As I left Modesto for Pleasanton, about an hour drive, I thought about how what I've said each year to the kids is the story of my career. My first year, in 2000, I was 26 years old and covering a major league baseball team for the first time. Pretty much had no idea what I was doing, but I faked it well. Couldn't contain the smile on my face. I pretty much bragged to the kids about how cool my job is, and why I'm the luckiest guy ever.

The next few years, the focus was the book I wrote about Barry Bonds, the pre-steroids book titled, "This Gracious Season: Barry Bonds & The Greatest Year in Baseball." It's about the 73-homer season that broke Mark McGwire's single-season home run record. (I still have copies if you want to buy one. So does Amazon.)

By year four, my tone wasn't as enthusiastic. Still enjoyed the job, but the grind of traveling everywhere started to show. It was as much job as it was fun. By year five, it was a brief return to enthusiasm because I switched from the Giants beat to the A's beat -- so it was about seeing new ballparks and new cities, comparing the differences in the two organizations, and which one I preferred.

Last year, my third on the A's beat and seventh overall, I'd just returned a couple days earlier from a job interview with The Seattle Times about covering the Seattle Mariners. Thought the interviews -- there was eight -- went extremely well. Felt very confident I would be offered the job. So confident, I started to have serious doubts about moving away from home. Yes, I love Seattle. One of my favorite cities in the league. But I loved San Francisco, it was my home, and I'd be going a place where I didn't know anybody. I actually used the two classes to get the kids advice, talk to them about what's most important to life, and have them decide if they'd take the job. I gave them all the financial data, personal information (I'd just met a chick who I really liked), etc.

Never got the Seattle job, as it turned out.

A bummer at the time, but now I feel fortunate. No way I try getting into broadcasting after a few months in Seattle.

So this year, I figured I'd talk to the kids about the choices you make in life regarding your career. It dawned on me there's three types of job.

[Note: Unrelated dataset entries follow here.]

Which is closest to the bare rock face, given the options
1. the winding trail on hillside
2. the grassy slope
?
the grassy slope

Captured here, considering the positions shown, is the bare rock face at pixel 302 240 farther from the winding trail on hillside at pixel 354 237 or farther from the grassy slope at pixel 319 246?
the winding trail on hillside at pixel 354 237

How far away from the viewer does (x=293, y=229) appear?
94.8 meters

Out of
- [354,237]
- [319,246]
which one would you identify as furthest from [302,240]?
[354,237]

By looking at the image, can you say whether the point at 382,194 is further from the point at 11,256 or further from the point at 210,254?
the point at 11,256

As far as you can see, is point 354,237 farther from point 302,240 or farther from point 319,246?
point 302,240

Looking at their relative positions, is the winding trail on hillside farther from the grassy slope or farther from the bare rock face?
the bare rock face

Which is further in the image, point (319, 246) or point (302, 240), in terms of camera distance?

1. Jobs that pay really well.
2. Jobs that you love.
3. Jobs that provide flexible hours.

Most people only get one of three options. Some get two. Very few are provided all three. I started to practice what I would say, give the examples of doctors and professional athletes, the hours away, the satisfaction gained, and all that good stuff.

I decided my overall message would be an inspirational one. I wanted to tell the kids, "you can do anything you want in life. Don't let anybody tell you that you can't. Not your parents. Not your friends. Not your teacher. And most of all, don't EVER tell yourself that you can't do something. Find a reason why you can, instead of a reason why you can't. It might not be easy. It might take awhile. You might have to make major sacrifices, like moving from San Francisco to Modesto, taking a massive pay cut, and waking up at 3:45 a.m. every morning after going to bed around midnight. But if you want it bad enough, you won't mind doing it."

As I practiced this, I felt myself getting choked up and water forming in my eyes.

Uh oh.

Not good.

I better not freakin' cry in front of these damn kids.